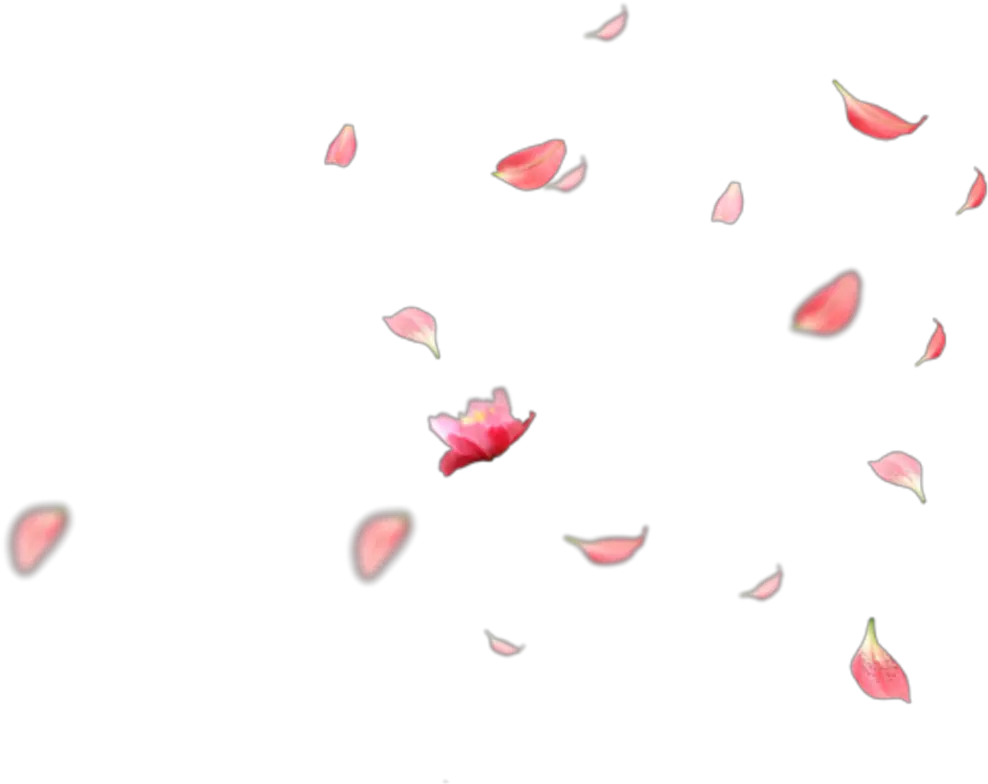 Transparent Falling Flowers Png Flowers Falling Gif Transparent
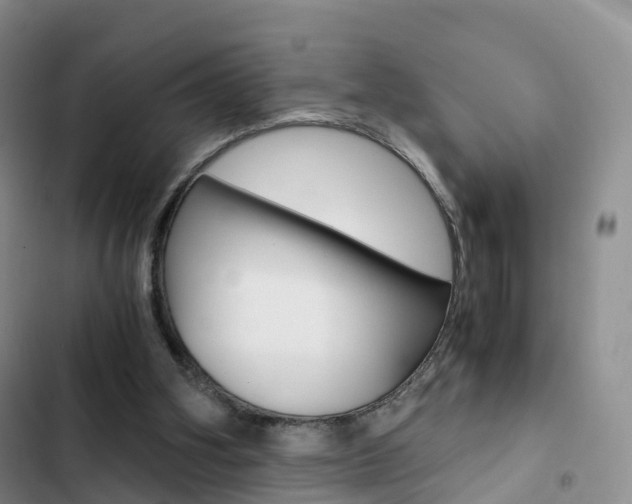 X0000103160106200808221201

--

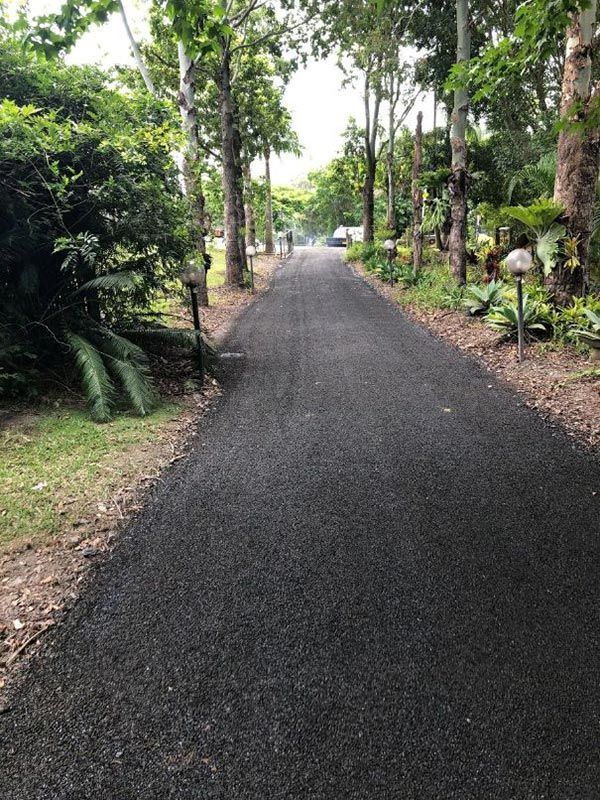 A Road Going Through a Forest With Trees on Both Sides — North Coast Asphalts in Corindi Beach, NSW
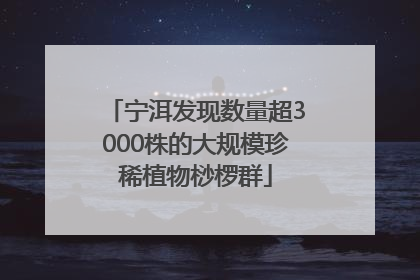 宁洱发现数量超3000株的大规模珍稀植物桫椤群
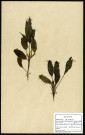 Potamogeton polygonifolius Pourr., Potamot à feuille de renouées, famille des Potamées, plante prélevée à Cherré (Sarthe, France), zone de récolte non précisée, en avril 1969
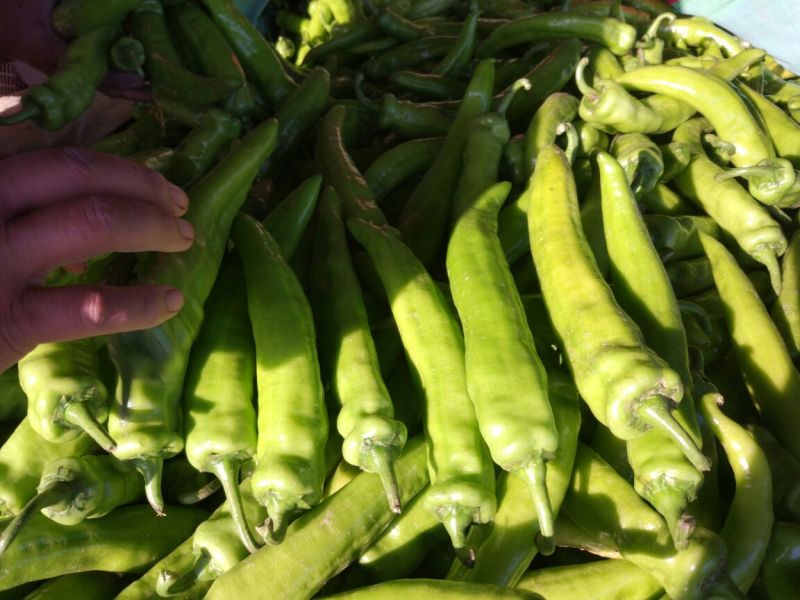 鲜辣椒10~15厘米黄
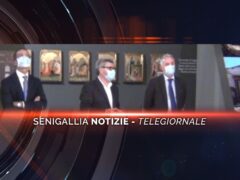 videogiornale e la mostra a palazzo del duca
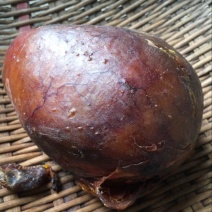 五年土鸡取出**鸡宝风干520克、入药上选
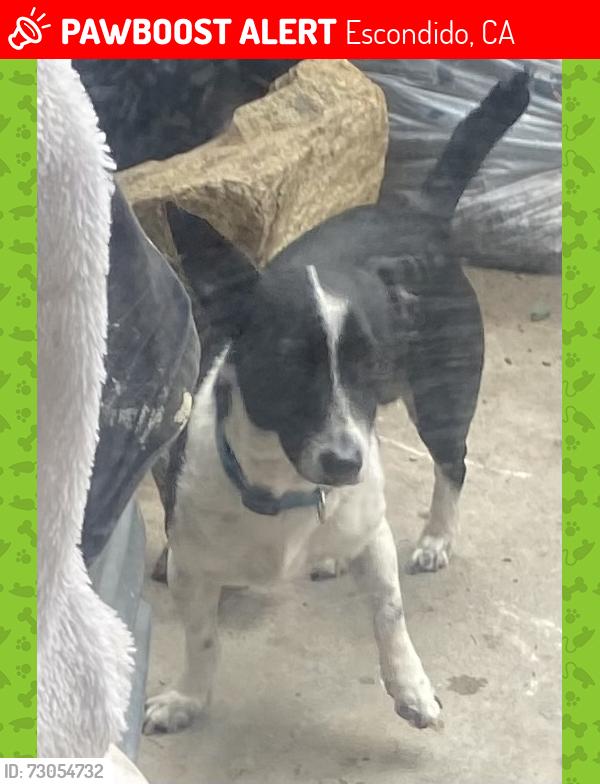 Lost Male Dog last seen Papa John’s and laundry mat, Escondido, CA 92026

* * *

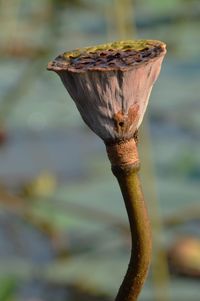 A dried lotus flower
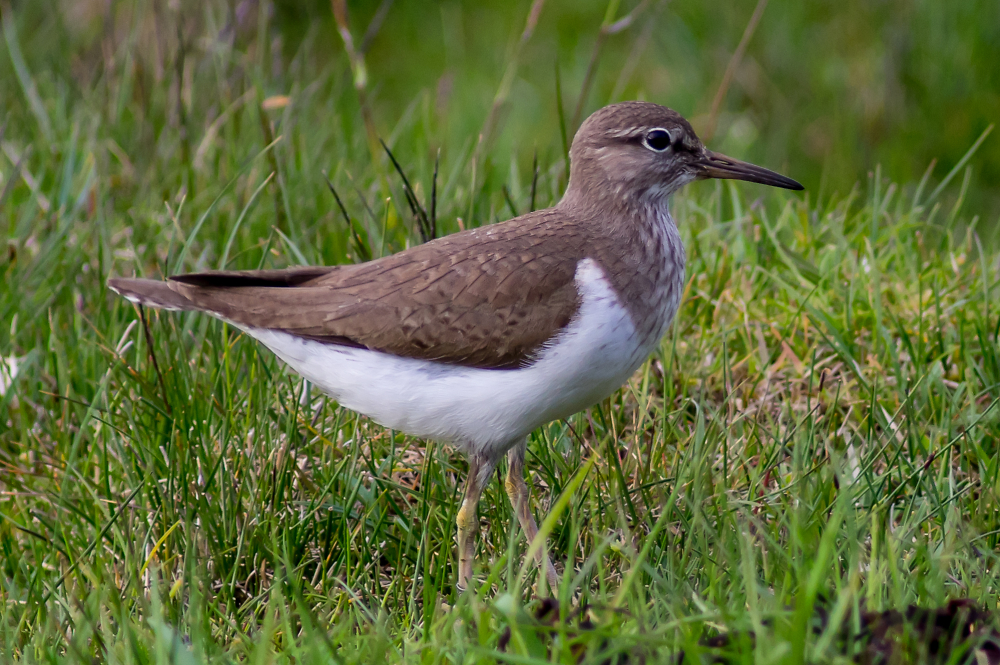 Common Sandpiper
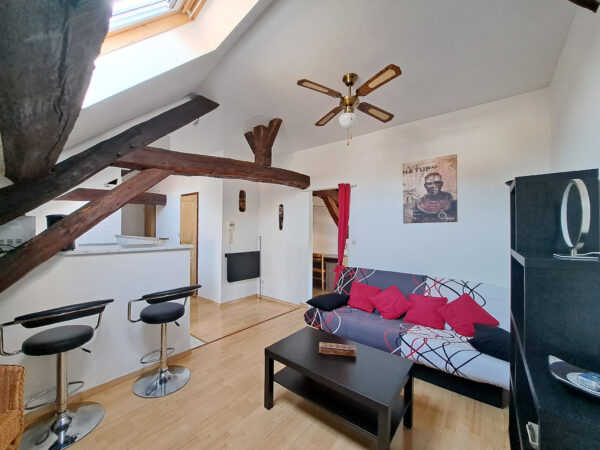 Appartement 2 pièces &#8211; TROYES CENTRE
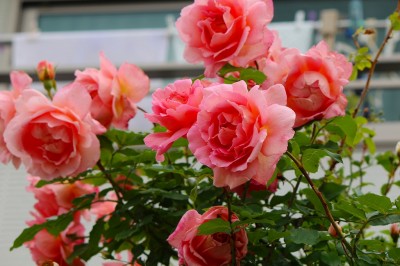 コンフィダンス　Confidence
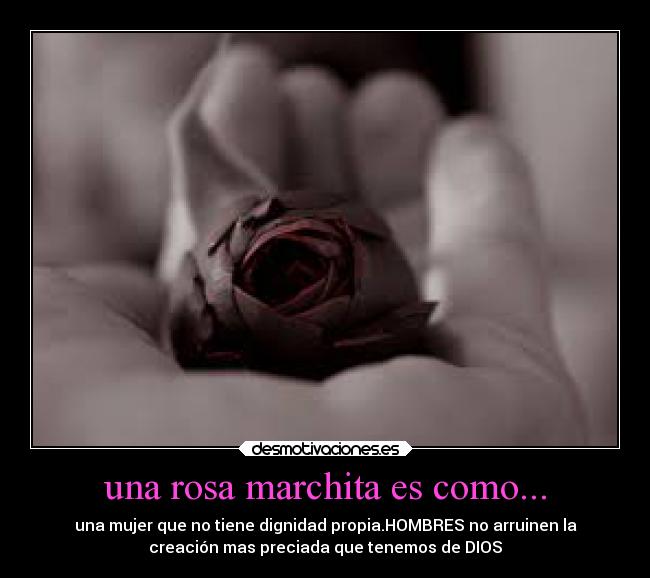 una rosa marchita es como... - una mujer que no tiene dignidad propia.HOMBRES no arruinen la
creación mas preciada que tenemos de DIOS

Problem to work on: Starting at the line above that holds "鲜辣椒10~15厘米黄", return each line up to and including the one that holds "Lost Male Dog", exactly as written, minus any pictures.

Task result:
 鲜辣椒10~15厘米黄
 videogiornale e la mostra a palazzo del duca
 五年土鸡取出**鸡宝风干520克、入药上选
 Lost Male Dog last seen Papa John’s and laundry mat, Escondido, CA 92026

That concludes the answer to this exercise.